As described above, according to the present invention,
When only one piece of multiplexed information is demodulated, it is possible to use the PSK receiving method with high power supply efficiency, and it is possible to extend the operation time when the battery is driven. If applied to the field of disaster prevention radio, in which loudspeaker broadcasting and text information transmission are performed in one base station device-to-multipoint communication, the base station can transmit loudspeaker broadcasting (16
QAM) and character information (4PSK) with a small amount of information can be multiplex-transmitted, and a receiver (4PSK receiver) that receives only character information can be a battery-powered portable device. Can receive loudspeaker broadcasts and text information during normal operation (16QAM), and in battery operation in the event of a power outage due to a disaster or the like, it is possible to extend the operation time by switching to a PSK receiver that receives only text information and consumes less power. it can.

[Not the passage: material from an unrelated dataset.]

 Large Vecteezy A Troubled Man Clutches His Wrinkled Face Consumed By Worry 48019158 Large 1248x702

[Brief description of the drawings]

FIG. 1 is a configuration explanatory view showing an embodiment of the present invention.

FIG. 2 is an explanatory diagram showing a configuration of a frame to be multiplexed according to the embodiment of the present invention.

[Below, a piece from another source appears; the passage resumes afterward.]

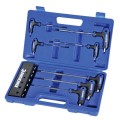 Kincrome K5040 - 7 Piece Metric T Handle Hex Key Wrench Set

FIG. 3 is an explanatory diagram showing a symbol point arrangement of 16QAM and 4PSK located on a carrier phase plane of a modulated wave according to the embodiment of the present invention.

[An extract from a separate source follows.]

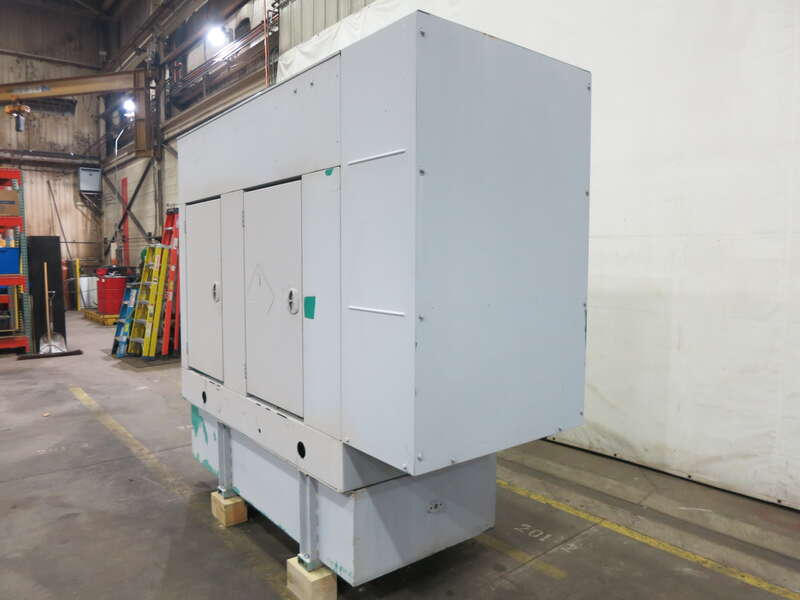 Used Cummins DSFAE Diesel Generator, 365 Hrs, EPA Tier 3 **1 or 3 phase**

FIG. 4 is a configuration explanatory view showing a conventional communication system.

[Explanation of symbols]

 DESCRIPTION OF SYMBOLS 1 Transmitting apparatus 2 Multiplexed signal generating apparatus 3 Serial / parallel converter 4 Quadrature modulator 5 Terminal for inputting first information 6 Terminal for inputting second information 7 Transmitting antenna 8 First receiving antenna 9 Linear amplifier 10 QAM Demodulator 11 First parallel / serial converter 12 First multiplexed signal separator 13 First QAM receiver 14 Terminal for outputting first information 15 First terminal for outputting second information 16 Second Reception antenna 17 nonlinear amplifier 18 PSK demodulator 19 second parallel / serial converter 20 PSK receiver 21 second terminal for outputting second information 22 second QAM receiver 23 second multiplex signal separator 24 Third terminal for outputting second information

Claims (1)

[Claims] 1. A multi-level QAM (Quadrative Amplifier) by using a single symbol clock that continuously connects first information having a large amount of information and second information having a small amount of information.
a QAM receiving apparatus comprising: a transmitting apparatus that transmits an e-modulated multi-level QAM signal; a QAM receiving apparatus including a linear amplifier and a QAM demodulating apparatus that demodulate the multi-level QAM signal to extract the first information and the second information. , To extract only the second information, a multi-phase PSK (Phas
e-Shift Keying) A communication method including a non-linear amplifier for demodulating a signal and a PSK receiving device including a PSK demodulating device, wherein the second information is synchronized with a symbol clock at a predetermined period as multi-level QAM. Are arranged on the symbol arrangement of the multi-level QAM and on the symbol arrangement of the multi-phase PSK, and the first information is converted to the multi-level QAM at a symbol clock timing other than the cycle of the symbol clock for transmitting the second information. A communication system characterized in that a modulated signal is generated and modulated so as to be arranged at a position on a symbol arrangement.